LECCE – “L’era dell’orange wine è arrivata davvero. La grande reperibilità di questo tipo di vino, la sua notorietà e il suo gradimento sono senza dubbio una rivoluzione, qualunque sia il colore o la sfumatura con cui viene identificato.”. Così il wine writer Simon J. Woolf scrive nella prefazione all’edizione italiana del suo libro ‘Amber Revolution’, pubblicata dalla casa editrice di Casarano Ampelos. Edizioni Ampelos è specializzata nel settore vitivinicolo e nasce nel 2019 da un’idea di Andrea Fattizzo e dalla sua riflessione scaturita da varie letture di importanti testi in lingua straniera riguardanti il vino, molti dei quali non erano stati pubblicati nel nostro Paese. ‘Amber Revolution’ è un viaggio culturale e sociale nella storia dei vini bianchi macerati, lo stile di vino più antico, caratteristico ed equivocato al mondo. La traduzione italiana di questo libro era quasi doverosa, considerando che l’Italia produce una così vasta gamma di questi vini orange, ambrati o macerati, come dir si voglia, che oggi rappresentano, a tutti gli effetti, il quarto colore del vino.

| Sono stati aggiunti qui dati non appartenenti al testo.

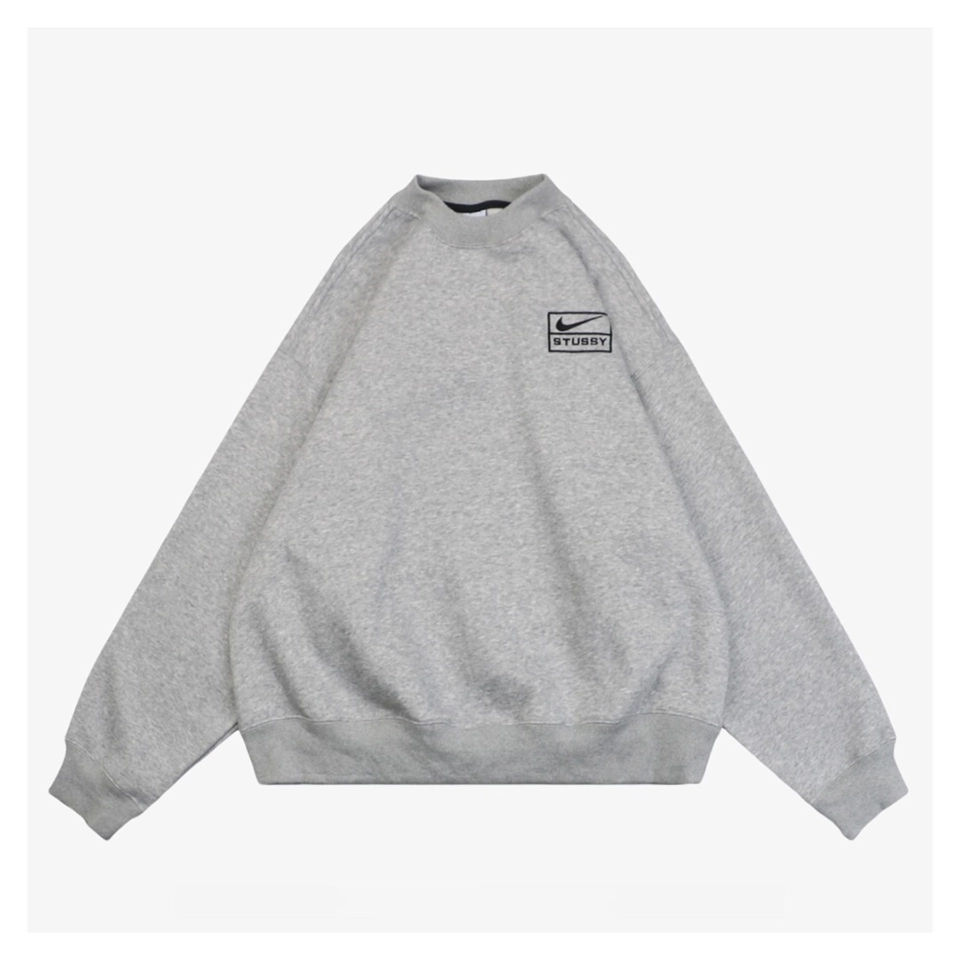 Nike X Stussy Box Logo Embroidered Fleece Crewneck Sweatshirt
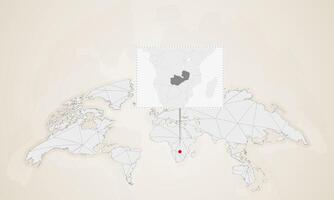 Map of Zambia with neighbor countries pinned on world map. vector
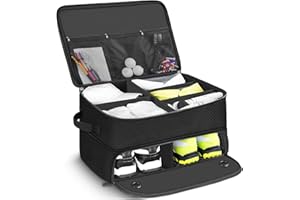 HPLSZCN 2 Layer Golf Trunk Organizer, Car Golf Locker with Separate Ventilated Compartment for 2 Pair Shoes, Golf Trunk Storage for Balls, Tees, Clothes, Gloves, Accessories, Golf Gifts for Men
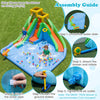 Inflatable water slide with double slides, splash pool, and basketball hoop for backyard fun and active play.
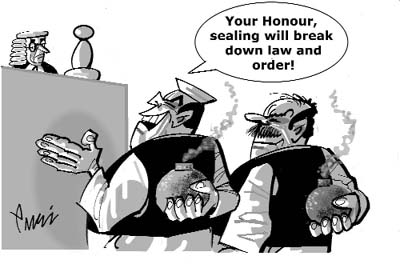 Editorial cartoon by Rajinder Puri
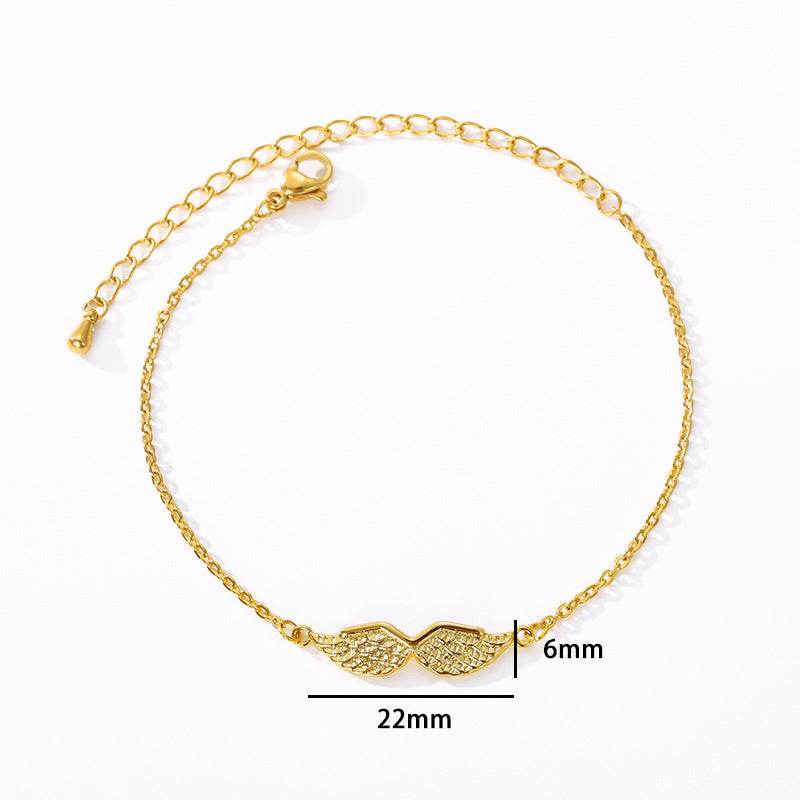 Gold Angel Wing Charm Bracelet Bracelet Women - Mubimart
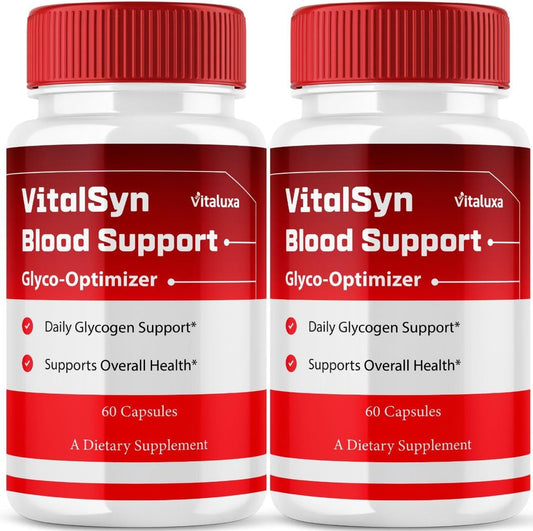 (2 Pack) Vitalsyn Blood Support, Vitalsin Glyco Optimizer Capsules Advanced Formula Supplement, VitalsynBlood Glycogen Pills Blood Flow Balance Control Vitalsym Premium Health Vital Syn (120 Ct)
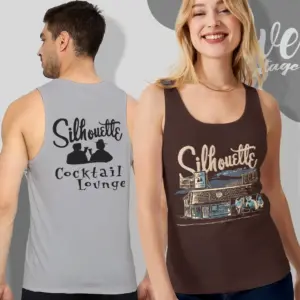 silhouette lounge shirt allston ma dive bar tank top racerback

Di tutto questo si è parlato in occasione della presentazione della versione italiana del libro di Woolf presso Liberrima a Lecce, in un confronto tra Andrea Fattizzo e Clemente Zecca, titolare della cantina Conti Zecca, che ha deciso di cimentarsi proprio con l’orange wine. Tramite le domande di Valentina Ottobre, responsabile di Gusto Liberrima, l’enoteca di Liberrima, l’editore e il produttore hanno fatto un excursus sulla storia, le caratteristiche principali e le controversie riguardo gli orange wine. Durante l’incontro i partecipanti hanno degustato Calavento e Calavento Orange, le due versioni della Malvasia bianca di Conti Zecca: la prima vinificata secondo le tecniche standard che consentono di avere un vino bianco limpido e fresco, la seconda, invece, è l’interpretazione del vitigno autoctono tramite una prolungata macerazione delle uve e un affinamento in anfore di terracotta, che rendono il vino più complesso e strutturato.
La serata è stata occasione per riflettere su una tipologia di vino di cui nel sud Italia si parla ancora poco ma che, in realtà, ha profonde radici nella nostra tradizione contadina e che oggi può essere rivalorizzata con le moderne conoscenze agronomiche e tecnologiche acquisite. Il consumatore è sempre più aperto ed eclettico nelle scelte e forse è tempo che gli orange wine non siano più considerati come prodotti di nicchia ma come vini da equiparare ai bianchi, rossi e rosati, con una propria identità.